● DATA PROVIDED
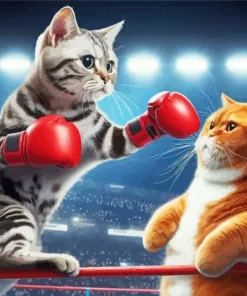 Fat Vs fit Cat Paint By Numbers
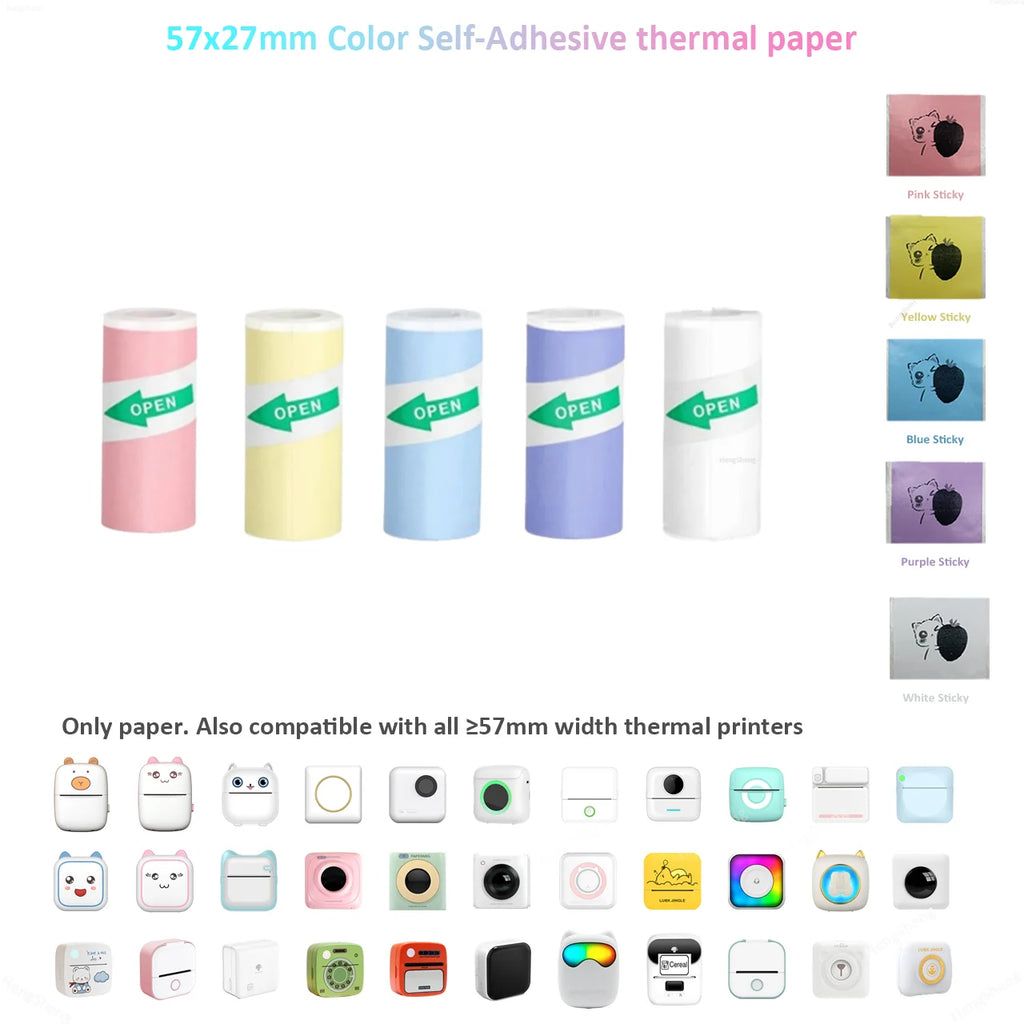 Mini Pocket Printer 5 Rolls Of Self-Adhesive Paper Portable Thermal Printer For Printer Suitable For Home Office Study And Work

* * *

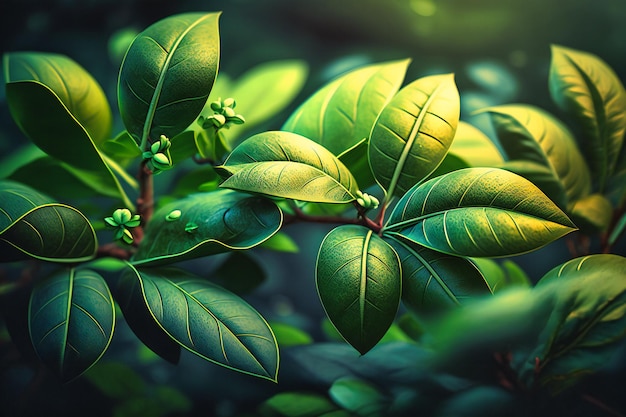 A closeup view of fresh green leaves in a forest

● WHAT THIS TASK INVOLVES
Return exactly the part of the listing above that opens with the line containing "Fat Vs fit Cat Paint By Numbers" and closes with the line containing "Mini Pocket Printer". Pictures stay out.

● RESPONSE
 Fat Vs fit Cat Paint By Numbers
 Mini Pocket Printer 5 Rolls Of Self-Adhesive Paper Portable Thermal Printer For Printer Suitable For Home Office Study And Work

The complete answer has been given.